Heitor Ferraz Mello
Sempre há algo escondido atrás de uma porta. Há algo escondido atrás de uma capa, onde se pode ler a “A porta”. Os poetas são uma espécie de seres curiosos que abrem essas tantas portas. Não nos deixam ver exatamente o que está ali atrás, mas nos permitem entrever, ou pensar sobre o escuro que habita lá dentro, “provavelmente com aranhas”, como diz a romancista e poeta canadense Margaret Atwood, em seu A porta, publicado originalmente em 2007 e que sai agora no Brasil em tradução da escritora Adriana Lisboa.

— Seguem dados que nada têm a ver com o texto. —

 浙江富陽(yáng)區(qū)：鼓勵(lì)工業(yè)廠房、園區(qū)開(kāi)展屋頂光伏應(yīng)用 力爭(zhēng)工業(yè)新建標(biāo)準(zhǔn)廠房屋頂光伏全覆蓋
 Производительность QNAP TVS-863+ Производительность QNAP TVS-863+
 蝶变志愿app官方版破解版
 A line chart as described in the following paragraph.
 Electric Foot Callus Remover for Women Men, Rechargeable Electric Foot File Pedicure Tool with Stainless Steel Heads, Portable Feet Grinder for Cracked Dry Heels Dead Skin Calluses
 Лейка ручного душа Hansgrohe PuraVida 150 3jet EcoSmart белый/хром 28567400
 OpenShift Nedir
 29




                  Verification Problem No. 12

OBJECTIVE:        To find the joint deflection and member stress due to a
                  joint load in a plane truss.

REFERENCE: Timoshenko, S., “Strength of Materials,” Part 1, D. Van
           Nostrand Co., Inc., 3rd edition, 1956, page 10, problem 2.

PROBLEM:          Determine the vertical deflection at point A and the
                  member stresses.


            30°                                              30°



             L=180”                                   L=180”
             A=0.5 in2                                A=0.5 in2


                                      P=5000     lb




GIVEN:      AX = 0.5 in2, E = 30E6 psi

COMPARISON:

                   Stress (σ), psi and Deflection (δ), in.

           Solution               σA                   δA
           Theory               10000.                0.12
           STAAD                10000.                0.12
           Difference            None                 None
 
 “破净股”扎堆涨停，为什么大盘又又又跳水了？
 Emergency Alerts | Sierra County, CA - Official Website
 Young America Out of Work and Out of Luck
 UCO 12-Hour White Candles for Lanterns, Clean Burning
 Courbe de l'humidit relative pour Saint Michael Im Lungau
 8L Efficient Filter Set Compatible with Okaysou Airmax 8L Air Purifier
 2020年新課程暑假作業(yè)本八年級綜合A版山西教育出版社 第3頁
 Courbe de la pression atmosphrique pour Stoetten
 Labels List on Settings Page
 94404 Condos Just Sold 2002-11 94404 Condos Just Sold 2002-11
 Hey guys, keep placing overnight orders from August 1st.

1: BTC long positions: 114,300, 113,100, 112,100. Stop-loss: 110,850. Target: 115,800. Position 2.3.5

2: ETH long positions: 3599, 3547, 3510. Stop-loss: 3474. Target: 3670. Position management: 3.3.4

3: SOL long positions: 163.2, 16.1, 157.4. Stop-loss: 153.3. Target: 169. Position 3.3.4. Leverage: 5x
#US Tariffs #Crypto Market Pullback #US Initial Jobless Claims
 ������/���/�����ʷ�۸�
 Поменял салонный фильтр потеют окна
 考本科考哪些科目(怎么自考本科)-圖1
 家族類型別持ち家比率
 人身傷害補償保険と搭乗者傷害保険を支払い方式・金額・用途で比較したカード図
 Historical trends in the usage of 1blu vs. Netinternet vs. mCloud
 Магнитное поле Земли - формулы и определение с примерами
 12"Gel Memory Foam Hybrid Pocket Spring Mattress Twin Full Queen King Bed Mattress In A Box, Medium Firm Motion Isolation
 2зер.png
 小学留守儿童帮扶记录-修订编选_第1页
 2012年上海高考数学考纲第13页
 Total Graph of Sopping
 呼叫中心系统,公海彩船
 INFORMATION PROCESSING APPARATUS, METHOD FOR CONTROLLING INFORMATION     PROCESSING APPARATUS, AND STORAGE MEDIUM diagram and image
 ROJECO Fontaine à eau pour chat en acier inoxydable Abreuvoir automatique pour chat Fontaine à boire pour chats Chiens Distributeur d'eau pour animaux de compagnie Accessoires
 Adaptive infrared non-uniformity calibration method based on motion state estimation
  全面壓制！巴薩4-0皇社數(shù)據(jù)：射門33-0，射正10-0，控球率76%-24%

Como diz a tradutora, em entrevista à CULT, os poemas de Atwood são precisos e cirúrgicos. Dividido em cinco partes, o livro guarda uma narratividade interna, recompondo uma história pessoal, da infância à velhice, passando pelos casos do cotidiano. Mas pautada pelo humor, que não deixa os poemas se transformarem em fuga da realidade. Como se ela precisasse o tempo todo nos alertar dos artifícios da poesia. Na primeira parte, somos levados a uma rememoração da infância, mas sem nostalgia falsa. A segunda, uma das mais belas, é sobre a poesia.
Diante do sublime, Atwood interpõe, com sabedoria, uma alavanca de estabilização, cuja função é mostrar que “nos bastidores é sempre uma carnificina”. As imagens são fortes, “porta de pedra” e “véu de ferro”, e colocam o lirismo frente a frente com o mundo concreto. Mesmo a velhice, que ocupa a última parte, é vista com esse humor: o de quem percebe que a literatura pode criar “um lago de conforto”, mas que será “possivelmente falso em meio à tragédia”. É assim que o “deus das dobradiças” abre e fecha portas, com riso zombeteiro.